当然计划是美好的,可中途得看看情况了,不然也不会有这么一个划。
“你们只要出财力人力便好,财重人轻。”
人力都是只是第一道的补充。
万一坑杀不成,还得靠人力来收拾残局。
“如果你们仙朝有那种算数出众的神算子,可以来帝都,要很变态的地步才行。”
帝都就有一个很变态的。
赵高有点明白,为什么不说而是用一张纸了。
因为说出来太简单,有点丢面子。
仙朝要做什么?
打造小而精的兵器,实的虚的都要,然后...没了。
三个字等通知。
“不要这么看我,至少我附带了一些说明,也就是仙朝特殊一点。”
不然我连说明都不带,小心谨慎,谁都别想知道什么,知道了做完事都给我入山。
“你是帝道传承?”
少司命在次问道,不同的意味。
“我说过我比帝道更优秀,更稳更小心更谨慎更怕死,帝道只是我的万一而已。”
我的安排心甘情愿,可不想帝道那样拙劣的手笔。
给你看?因为知道你太聪明会发现?我的那是想给你看,你才能看到。
帝一觉的自己所处的时代那是更加恐怖一点。
至于恐怖到什么程度?和八上位隔空较量!活在噩梦中。
“我修的是罗是全,其中帝是我养的小树苗,明白?”
又飘了飘。
思回来了不太好,喜欢飘。
少司命不说话,隐隐的觉得似乎有什么不值,倒是赵高笑道:“明白明白。”现在你是大哥。
“嗯。”
帝一传音应道。
“时间不早了。”帝一起身。
此间事已了。
最后帝一悄悄的给赵高传音说道::“这两家伙留在仙阁打杂好了,只要不死什么都行,如果死了那就算了。”
这句话的另一个意思便是别让其了解太多的世面。
“好兄弟放心。”
保证不会死。
别看铁匠一直从头站到尾,但其实什么都没听到,被屏蔽了,只不过时不时的自己嘀咕着...
说什么呢?好奇。
“三位告辞。”
帝一拱手。
临走时看向阶梯止步,而铁匠刚好撞到了无形壁障。
我是不是忘了什么?
正准备回首,一枚玉简漂浮到他手上。
帝一笑呵呵的接过手,没忘了。
铁匠再次跟上,在次碰壁。
“小子他已经将你卖给仙阁了,时限一辈子。”
赵高说道。
当然他没空去管,不死就好。
挥手把铁匠扫向二层交给一位仙官传音道:“打杂别死,明白?”
“下官明白。”
仙官回复。
“嗯。”
帝一离去,三层只剩他们三位:“他好像挺瞧不起咱们。”赵高说道。
背后捅一刀在说,转移视线。
少司命卷起一屡秀发,淡淡的冷声:“你好像挺瞧不起我。”
“还有我。”
两道目光聚焦。
“......”
窒息静默。
“诸子百家,乱世刁民,今后你负责败家灯火。”
清冷的丽音给奸佞的心头浇的拔凉拔凉的。
乐园的背后,蓝图的延伸...败家。
少司命临行,赵高沉声:“等等!”
就算尽管结果是,但蓝图是其中的过程,这是一份不破之常,他的眼光是不会错的,自古一势两分,朝朝不过千秋万载,可如果是正常,应万世无疆。

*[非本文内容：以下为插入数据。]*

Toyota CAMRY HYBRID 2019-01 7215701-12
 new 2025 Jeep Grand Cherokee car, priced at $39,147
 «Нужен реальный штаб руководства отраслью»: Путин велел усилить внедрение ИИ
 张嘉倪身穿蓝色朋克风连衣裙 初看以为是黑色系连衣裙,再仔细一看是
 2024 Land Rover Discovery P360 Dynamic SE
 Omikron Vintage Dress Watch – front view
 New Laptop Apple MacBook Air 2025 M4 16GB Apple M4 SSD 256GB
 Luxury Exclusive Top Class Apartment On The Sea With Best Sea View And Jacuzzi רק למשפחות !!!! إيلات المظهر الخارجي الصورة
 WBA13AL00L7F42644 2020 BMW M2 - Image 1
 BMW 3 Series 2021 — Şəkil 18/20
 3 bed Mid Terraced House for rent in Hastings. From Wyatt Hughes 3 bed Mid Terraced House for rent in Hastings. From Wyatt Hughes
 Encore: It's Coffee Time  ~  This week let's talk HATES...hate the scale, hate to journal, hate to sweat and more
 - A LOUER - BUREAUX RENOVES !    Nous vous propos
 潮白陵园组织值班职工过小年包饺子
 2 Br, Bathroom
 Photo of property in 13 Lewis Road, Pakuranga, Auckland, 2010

不正常的乐园,败家补上缺陷,那么这便是一份完美的蓝图。
“哦。”
少司命驻步,饶有兴致的看向赵高,自古能赎身的奸佞不多,不过还是有的,不过那一份赎身是放过,还是真正的赎身,完全是两码事。
“自古奸佞的眼光从未出错。”
赵高说道,淡淡的自信。
他明白可以随时离开仙朝,但掉道坑里要自己爬。
坑了一辈子别人,如果自己哪天被坑了,要认。
因为仙朝把他坑的不能翻身,所以认!但如果只是埋下一半,你还想在坑?没门!不会在认。
奸臣当道因信任的有,以命相挟因不信者更多,后者全是不讲道理的皇。
所以奸臣不惜死,祸国殃民,我明明发现了,你还要埋我?让你埋!别让我等到机会把你给埋了。
所以自古收复一位奸佞那是很难很难的,狡诈聪慧不说,埋到一半就被发现了,还想继续埋?那埋下的只能是隐患!可不埋?舍不得!因需要。
“少司命想听一个奸佞的故事吗?”
这是他第一次述说。
同类无需说,都懂,而不懂的更不屑说。
看不上。
这是他的翻身日,因为你不愿讲,我问过你不是吗?
哪怕只是翻了半边,但至少翻了!
奸佞无忠,从不认命,从未低头,可认埋。
“愿闻其详。”
少司命在坐,她也想听听一个奸佞能说出什么来...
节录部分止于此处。